É sabido que o jornalismo esportivo, de forma geral, é e sempre foi, ao longo da história, um espaço de interlocução, expertise[1], prática e dominação majoritariamente masculino, já que a masculinidade sempre imperou sobre o campo do conhecimento esportivo, pois era somente a partir dela que se detinha um “lugar de fala” socialmente aceito para dialogar sobre o esporte, e, consequentemente, só havia homens nas matérias, nas entrevistas, nas reportagens, nas redações e nos telejornais esportivos. Contudo, no contexto atual, graças às conquistas possibilitadas pelo movimento feminista e ao enfraquecimento progressivo do patriarcado, é mais comum vermos, embora numa escala ainda infinitamente menor, as mulheres ocupando estes espaços, tanto física quanto simbolicamente.

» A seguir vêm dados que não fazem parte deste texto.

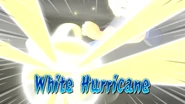 White Hurricane in Inazuma Eleven Eiyuutachi no Victory Road's English localization.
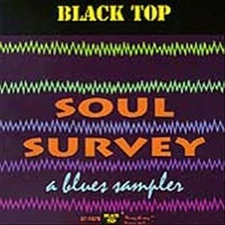 VARIOUS ARTISTS SOUL SURVEY: A BLUES SAMPLER NEW CD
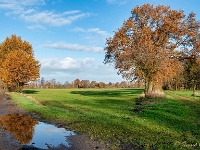 20191129 0002 : Wandelingen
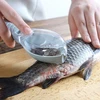 /product-detail/new-practical-fish-scale-remover-scraper-cleaner-kitchen-tool-peeler-1-pcs-scraping-fish-cleaning-tool-lid-kitchen-accessories-62229411193.html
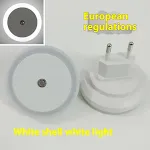 Style 11 European Standard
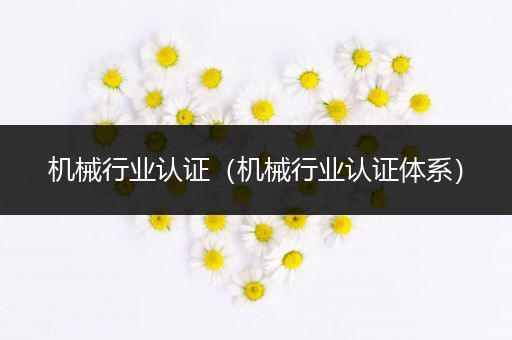 机械行业认证(机械行业认证体系)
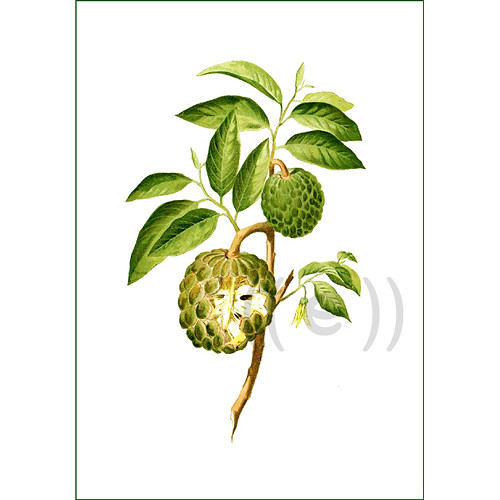 Látkový panel - anona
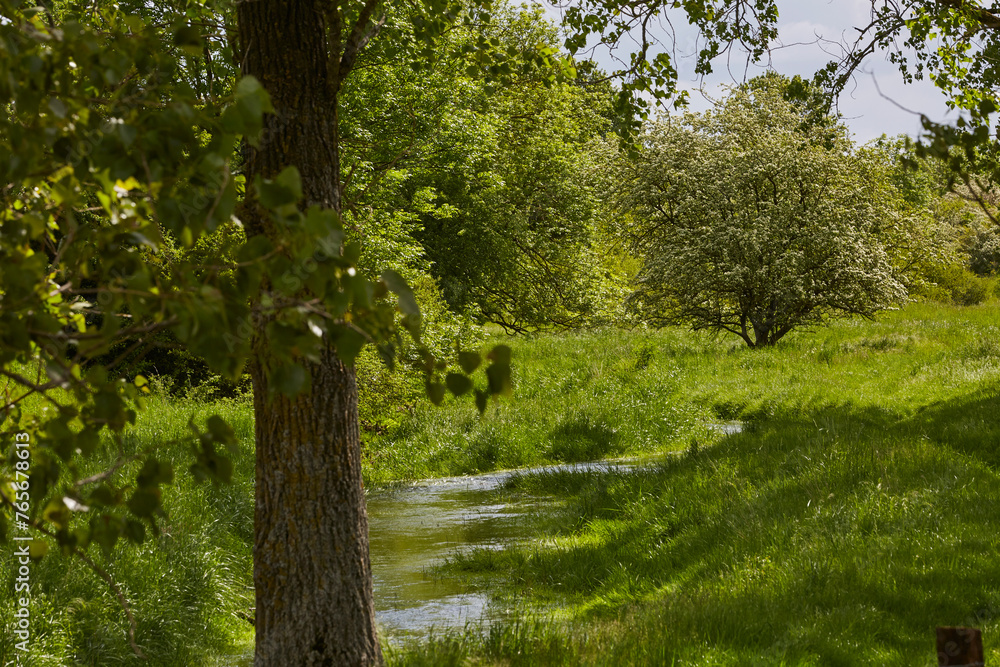 Fototapeta premium Naturschutzgebiet Pöppelsche Talsystem, Erwitte, Kreis Soest, NRW, Deutschland, 2023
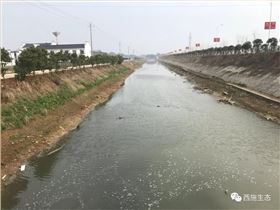 大熊山風電場 施工前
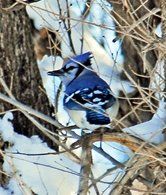 Blue Jay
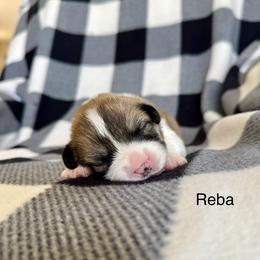 Reba - Sable female Pembroke Welsh Corgi puppy in Waverly, Iowa from A Hurd of Corgis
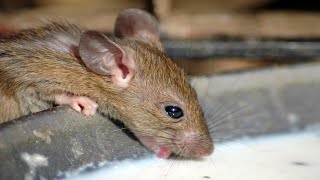 Make Rats amp Mice Disappear in 1 Minute Without Poison or Traps [upl. by Sturdivant369]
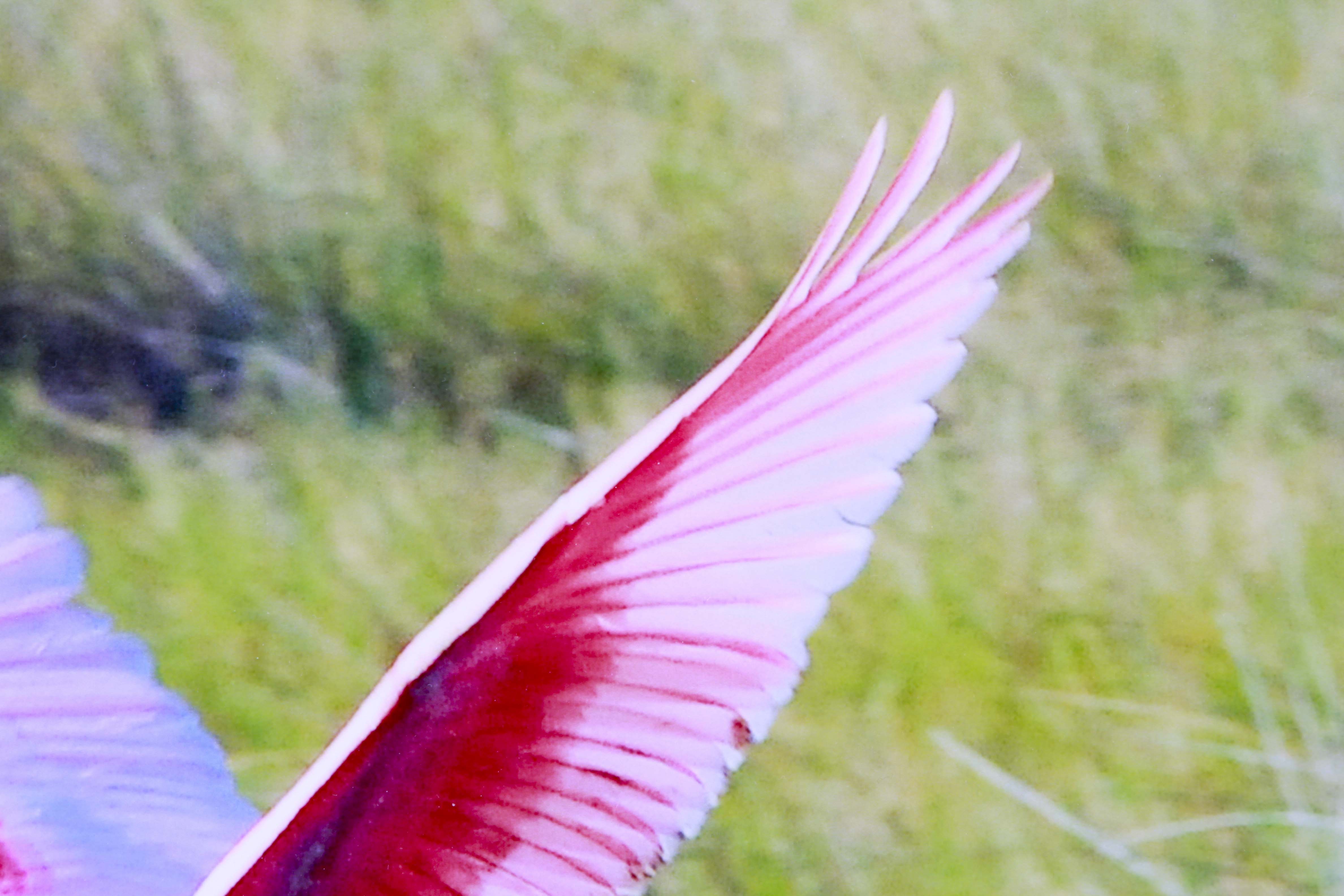 Original Photography by Herm Wallace and Jan Spaulding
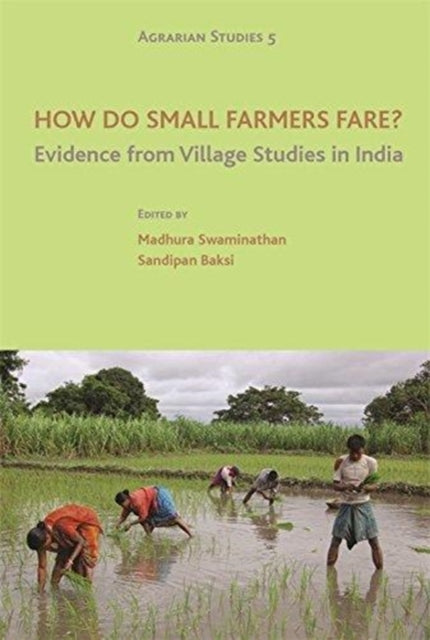 Book cover of: How Do Small Farmers Fare? – Evidence from Village Studies in India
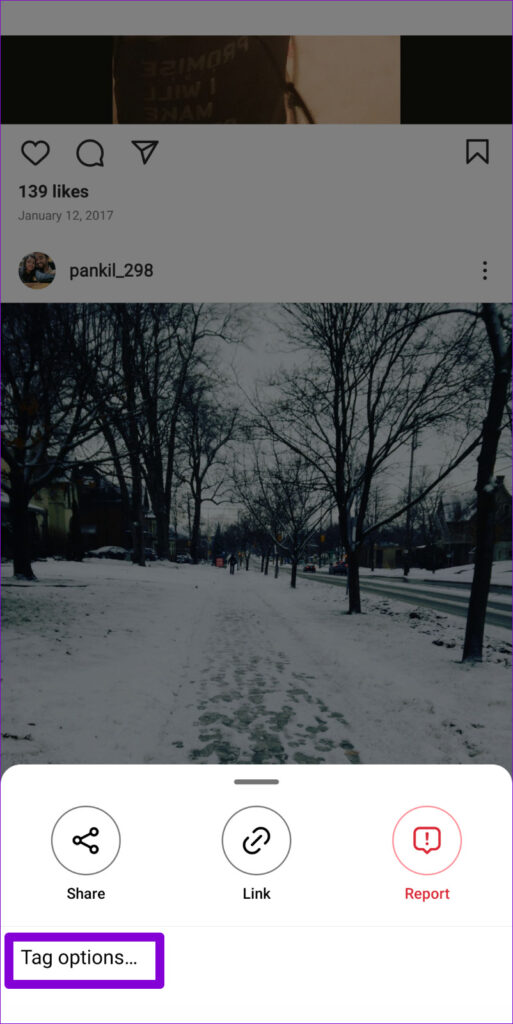 Tag Options on Instagram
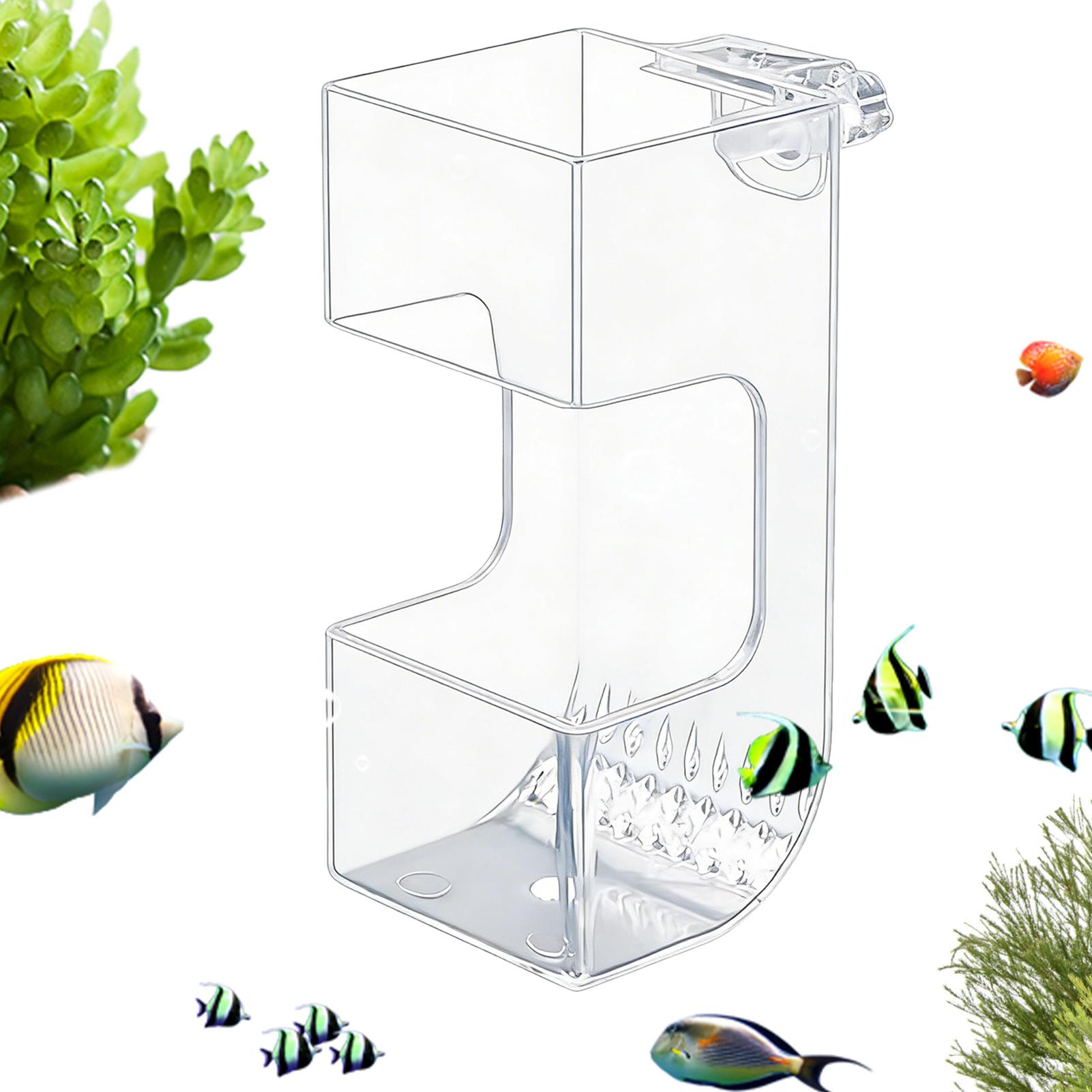 어항 물고기 먹이통 투명 사료통 물고기 먹이통 접시 그 - Aquarium Fish Holiday Food 리뷰 및 가격
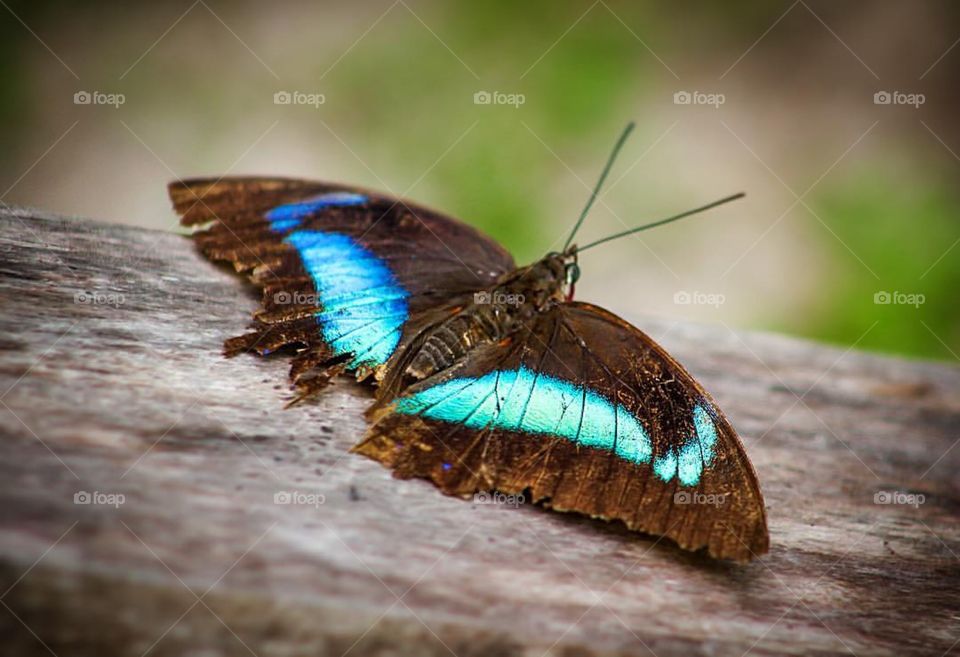 Migratory Butterfly - amazing colors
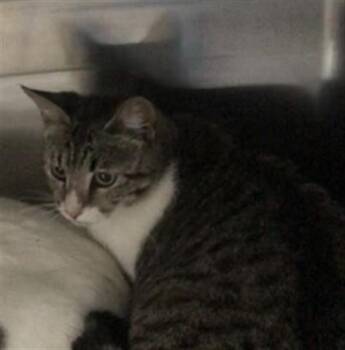 Domestic Short Hair Cats Available for Adoption in Houston, Texas - NO NAME | PetCurious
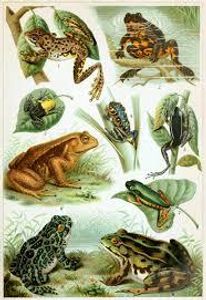 What biological classification do frogs belong to?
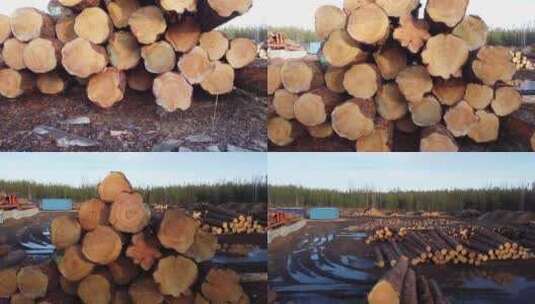 木材加工厂堆砌的木头高清在线视频素材下载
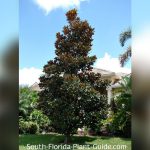 best time to plant magnolia tree in florida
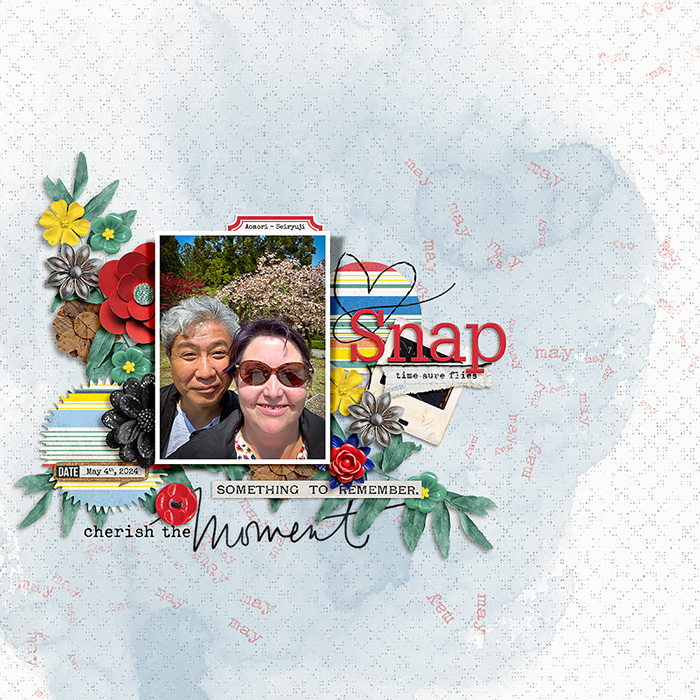 BSnap Shot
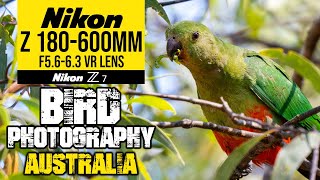 NIkon Z 180-600mm Bird Photography Australia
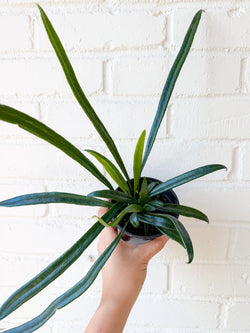 4” Microsorum thailandicum (Blue Oil Fern)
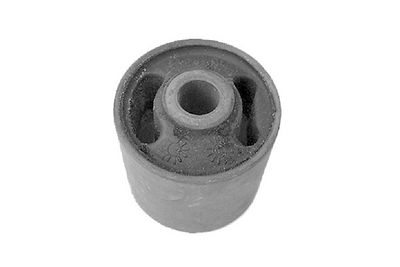 Piekare, Šķērssvira TEDGUM 00163198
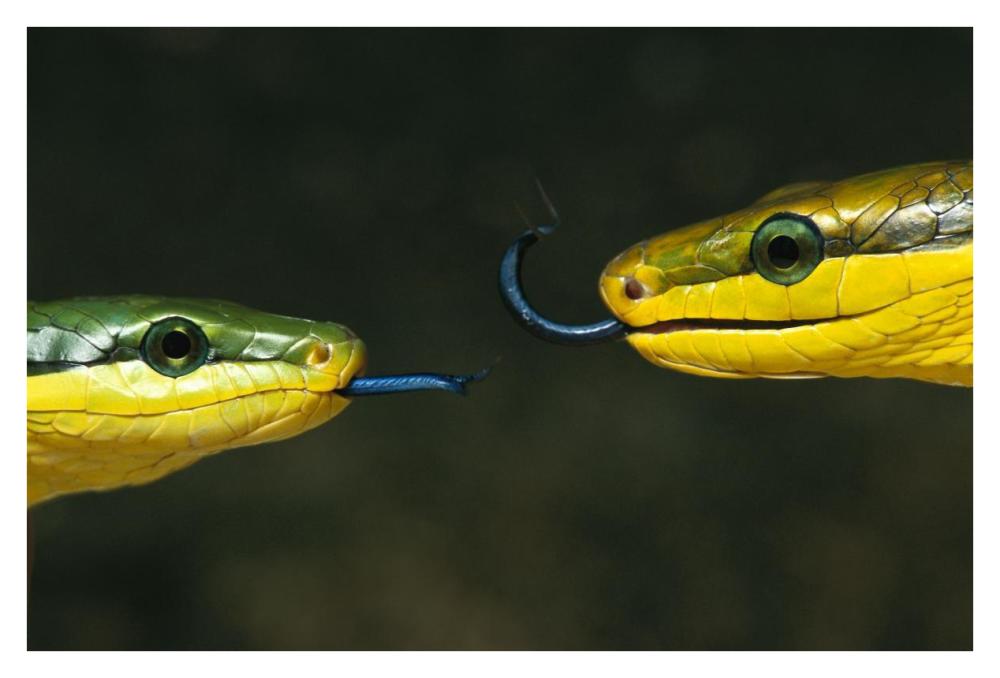 Colubrid Snake two making initial contact, using tongue to identify friend, enemy, or prey-Paper Art-38"x26"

Todavia, de acordo com o Internacional Sports Press Survey (ISPS), pesquisa realizada pela German Sport University Cologne (Horky & Nieland, 2011 citado em Brum & Capraro, 2015), apenas 8% das reportagens de cunho esportivo são produzidas por mulheres ao redor do mundo, enquanto que, no Brasil, esse número é ainda menor, sendo de apenas 7%. Isto salienta o fato de que o esporte ainda é, essencialmente, um espaço androcêntrico[2], marcado pela legitimação de estereótipos e de preconceitos, responsáveis por subjugar as mulheres em uma
condição de inferioridade quanto às suas competências profissionais quando comparadas às dos homens, bem como por causar desigualdade de gênero tanto na prática esportiva, propriamente dita, quanto no jornalismo esportivo.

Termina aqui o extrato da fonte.